*Data records*
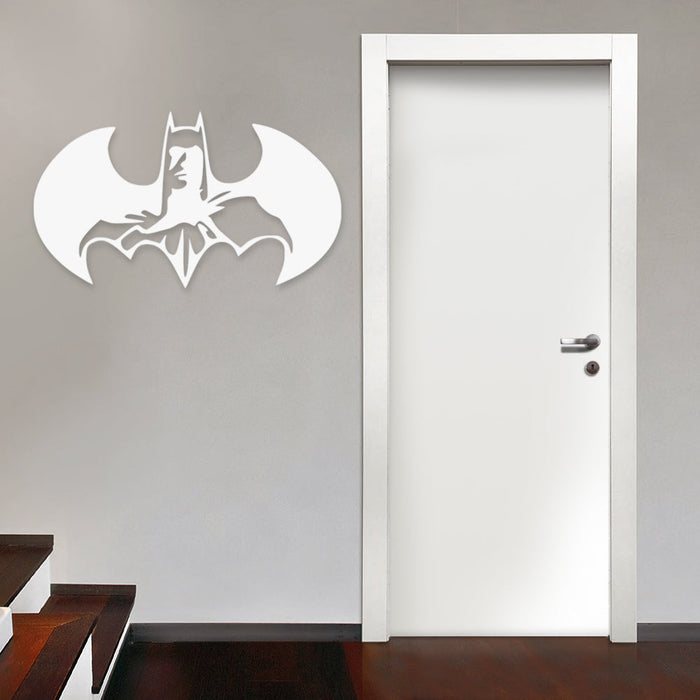 BATMAN - Adesivo murale wall sticker in vinile 55x95 cm Colore: bianco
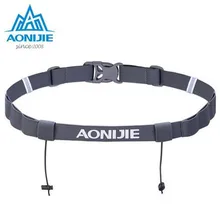 Aonijie для мужчин и женщин унисекс триатлон Марафон гоночный ремень с гелевым держателем для бега эластичный светоотражающий гибкий холщовый ремень с номером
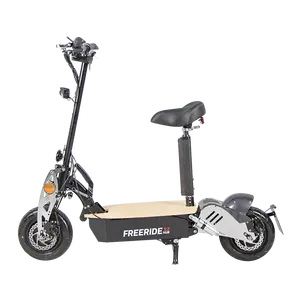 Erwachsenen-Scooter elektrisch klappbarer Tretroller 2000 W/2500 W Elektroroller mit CE Unisex 60 V hölzerner M2 10  20 a Scheibenbremse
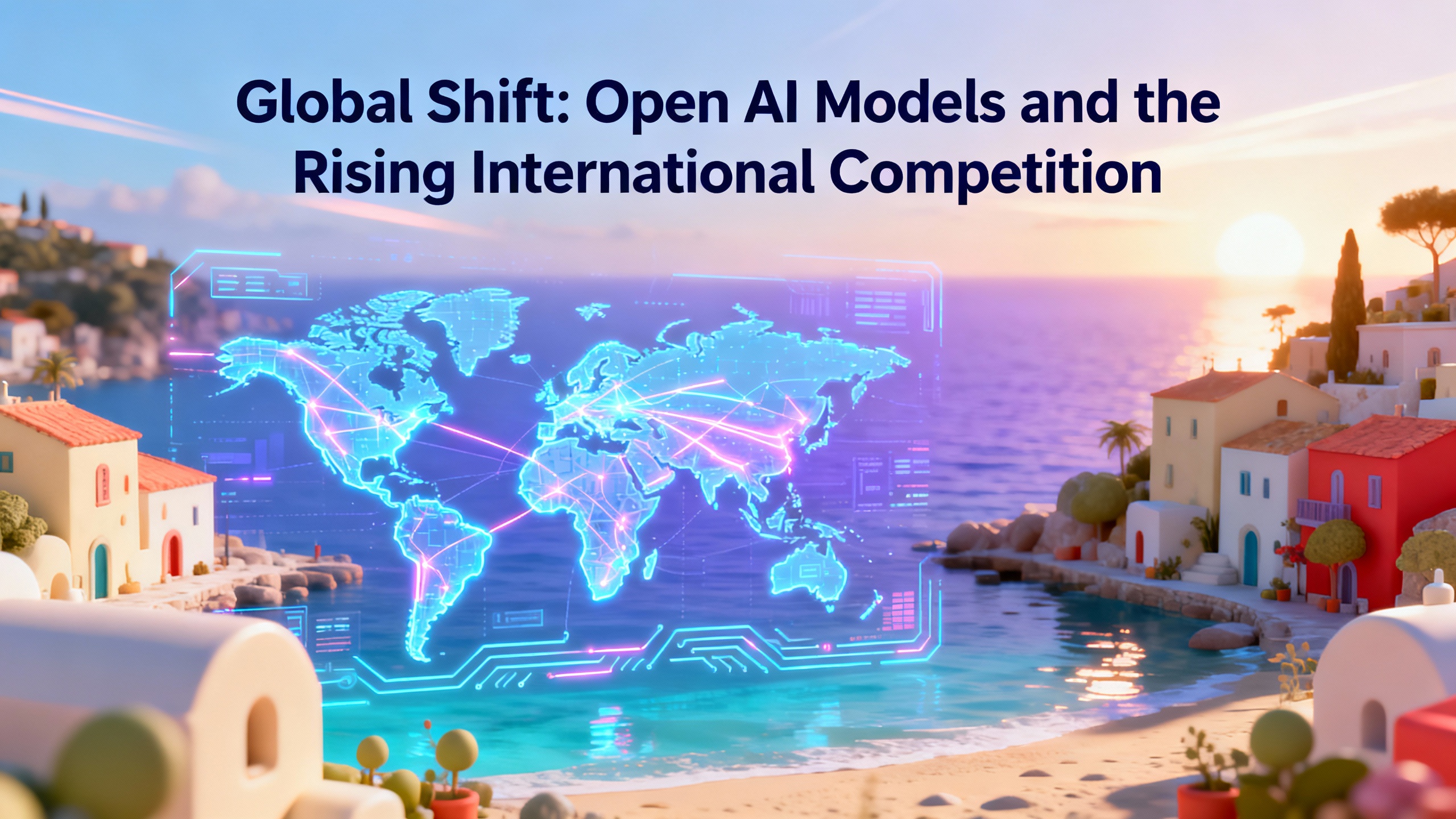 Global Shift Open AI Models and the Rising International Competition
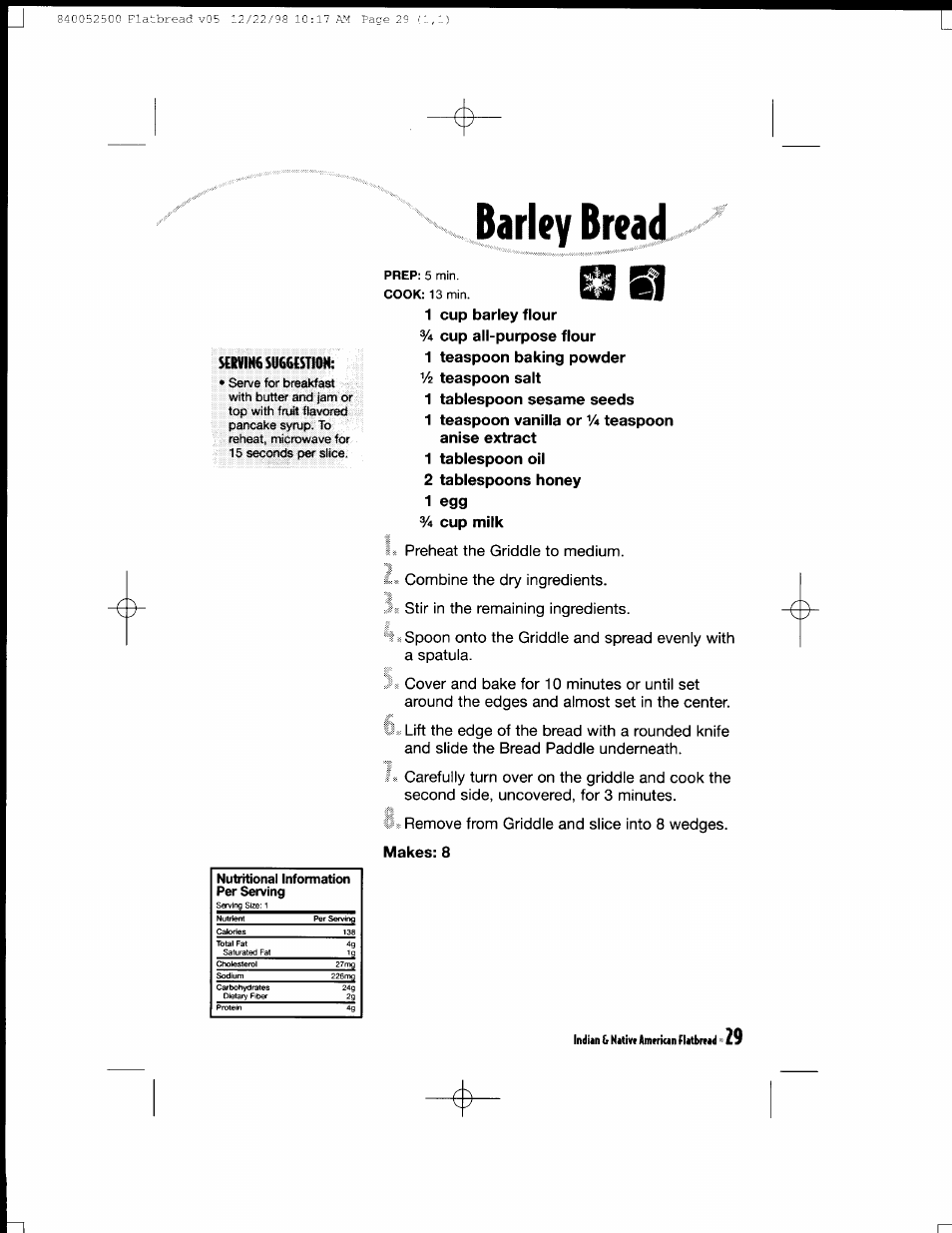 2 tablespoons honey, 1 egg, Cup milk | Hamilton Beach MealMaker Express 80200 User Manual | Page 29 / 123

*Task statement*
Print out every record above exactly as given. Do not include the pictures.

*Output for this exercise*
 BATMAN - Adesivo murale wall sticker in vinile 55x95 cm Colore: bianco
 Aonijie для мужчин и женщин унисекс триатлон Марафон гоночный ремень с гелевым держателем для бега эластичный светоотражающий гибкий холщовый ремень с номером
 Erwachsenen-Scooter elektrisch klappbarer Tretroller 2000 W/2500 W Elektroroller mit CE Unisex 60 V hölzerner M2 10  20 a Scheibenbremse
 Global Shift Open AI Models and the Rising International Competition
 2 tablespoons honey, 1 egg, Cup milk | Hamilton Beach MealMaker Express 80200 User Manual | Page 29 / 123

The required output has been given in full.